Allievo di Brignano, la romanità è per scelta o ti viene per tradizione?
«Taglio la testa al toro dicendoti che per come la vedo io la Romanità è una scelta di tradizione. E’ un vero e proprio sigillo di riconoscimento che fa del Romanesco non un semplice dialetto bensì una lingua vera e propria confezionata a puntino per il genere comico. Il suono della voce di un qualsiasi Romano ti strappa la risata, c’è poco da fare. Non spetta di certo a me fare esempi già noti al mondo riguardo alla leggera pesantezza di Aldo Fabrizi, al malinconico umorismo di Nino Manfredi o, come diremmo noi oggi, al “taglia, copia e incolla” dei caratteri Italiani “Made in Sordi e Verdone”. Il nostro territorio – assieme a quello Napoletano – ha dato al nostro Paese i migliori clown di sempre, che vivono ancora oggi nei nostri schermi per il loro saper far ridere con la faccia, col corpo e con le parole senza l’uso di inutili volgarità. Ed è quello che in un certo senso Brignano ha raccolto in eredità e che io ho cercato di assorbire. Ah, dimenticavo… I have a dream: fra venti anni vorrei vedere gli adolescenti di adesso gustarsi i film in bianco e nero di Gassman, Sordi e Manfredi. E quest’arduo sogno si realizzerà solo se chi ha intrapreso questo mestiere non abbandonerà mai le radici che ci hanno reso grandi nel mondo».
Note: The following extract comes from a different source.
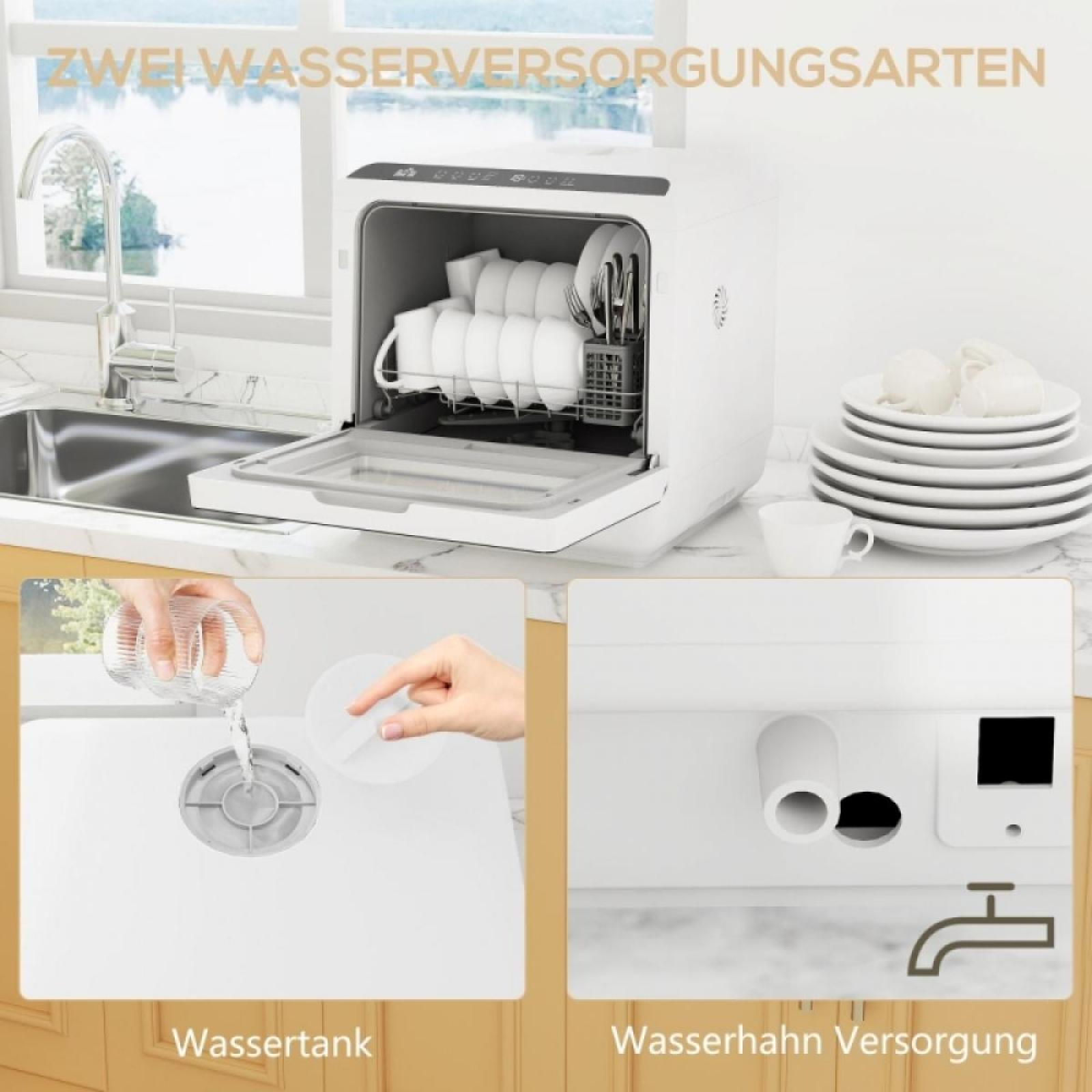 Ein weißer Geschirrspüler mit offener Tür, der Geschirr zeigt. Abschnitte zeigen Wassertank und Wasseranschluss.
Il caso Shany tra musica e poesia; cosa ti riesce meglio: l'attore, l'imitatore, il cantautore, il comico o il regista?
«Non ripetere mai più “Il caso Shany”. Me dovessi ritrova’ domattina sulla bacheca de sughero d’un commissariato? Comunque sia mi riesce meglio l’attorimitatorcantautorcomicoregista. Semplicemente perché musico le mie poesie, recito le mie imitazioni, canto la mia comicità e mi diverto a dirigere me stesso. Come vedi sono convinto della mia vita e so già cosa farò da grande: il fioraio».
Shany Martin, a modo suo, è un Don Chisciotte?
«Bella ‘sta domanda, non me l’aveva mai fatta nessuno. Certo che si! Essere un Don Chisciotte è un dovere per tutti! Cosa sarebbe una vita senza sogni? Una vita insonne. E visto che soffro di insonnia, fidatevi se vi dico che è meglio sognare. Poi se lo si fa ad occhi aperti insieme ad altre persone è ancora meglio, s’intende. Ma tutti i grandi uomini da prendere d’esempio erano dei piccoli Don Chisciotte all’inizio. Perché i grandi obiettivi inizialmente hanno addosso un abito di apparente perdita di tempo, ma in realtà quello che vediamo in lontananza è molto più di un mulino a vento. E con questo chiudiamo… me ne posso anna’?»